▸ **Requirement**
Everything in the listing below from the line containing "Goblen Kuş Desenli Dijital Baskılı Kumaş" through the line containing "Bixa - Cassettiera" must be repeated exactly; the remaining lines are not wanted.

▸ **Listed entries**
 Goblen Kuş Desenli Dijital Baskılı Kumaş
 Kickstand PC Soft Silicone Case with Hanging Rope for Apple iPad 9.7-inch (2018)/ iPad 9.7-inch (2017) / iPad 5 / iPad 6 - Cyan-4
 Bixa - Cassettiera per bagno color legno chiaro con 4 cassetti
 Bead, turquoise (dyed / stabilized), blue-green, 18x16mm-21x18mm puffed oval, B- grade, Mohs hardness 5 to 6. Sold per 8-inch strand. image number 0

==

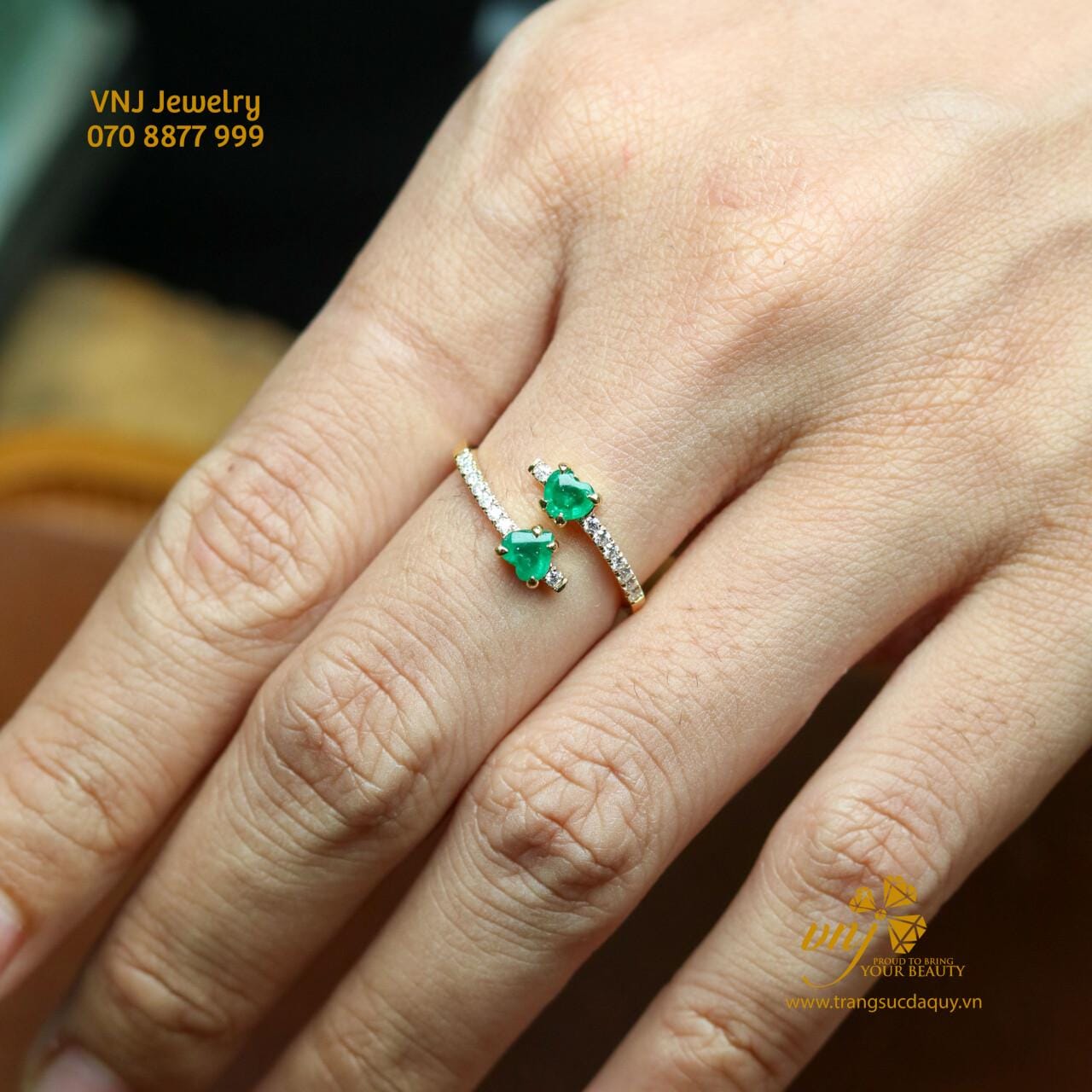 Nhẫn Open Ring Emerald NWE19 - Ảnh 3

▸ **Answer section**
 Goblen Kuş Desenli Dijital Baskılı Kumaş
 Kickstand PC Soft Silicone Case with Hanging Rope for Apple iPad 9.7-inch (2018)/ iPad 9.7-inch (2017) / iPad 5 / iPad 6 - Cyan-4
 Bixa - Cassettiera per bagno color legno chiaro con 4 cassetti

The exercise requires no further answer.